Very few people know the frequency they should change their oil. Some say it should be after 3,000 miles while others say 4-5,000 miles. The guiding principle should be more oil changes with fewer miles will lead to lower maintenance costs especially to your car’s engine. When the oil is not changed in time, it becomes weak and may start causing some abrasion in the engine’s parts. This may lead to cracks that may eventually need the replacement of the whole engine. The following is a lowdown on determining oil changes for your vehicle.
Begin by checking the recommendations of the manufacturer. The team that manufactured your vehicle has performed extensive testing on the car. Some of the testing is done in a lab and the rest is done in the real world. The tests are done in extreme conditions to determine the car’s performance in different aspects. The process of testing has developed a set of guidelines for regular maintenance that includes the frequency of oil changes.
Open the owner’s manual or search for it online if you do not own one. You will get information on the recommendations of the manufacturer from the manual. Begin with advice on time interval or mileage interval and viscosity, also called recommendations for weight. If you read the manual, you will likely come across a note that shows you should change your oil more often if you run your vehicle in severe conditions.
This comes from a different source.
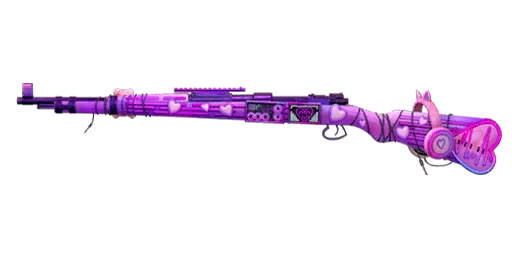 Kitty Kadence - Kar98K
There may even be notes about the type of oil you use for certain climates.
Many quick-change lube shops, dealers and mechanics suggest 3,000 mile oil change intervals for most cars. They argue that today’s drivers operate their vehicles under ‘severe driving conditions’. These conditions include frequent driving in temperatures more than 90 degrees or less than 10 degrees, frequent driving in extremely humid climates, frequent towing, regular trips for less than five miles, excessive idling and frequent driving in stop-and-go traffic.
While it is a fact that a lot of drivers experience such conditions on a regular basis, it does not actually mean they should automatically default to a 3,000 mile oil change schedule. This is the case because majority of manufacturer recommendations are ranging from 5,000 miles to 20,000 miles. Instead, it is advisable to use the vehicle’s oil change light when it goes on or the manufacturer’s recommendations for severe use.
Another option would be spending $25 to get oil tested by an independent lab. It will provide an analysis of how much time is left in your oil while identifying any engine problems. The analysis should be used as a guideline for future oil changes.
Even though changing your oil more often will not harm your vehicle, it will cost you. Following the 3,000 mile rule when not necessary may set you back a few hundred or even thousand dollars. You may end up changing your oil more than twice or thrice the recommended times a year (for average car user’s). It is therefore prudent to always follow the manufacturer’s guidelines in respect to your driving conditions.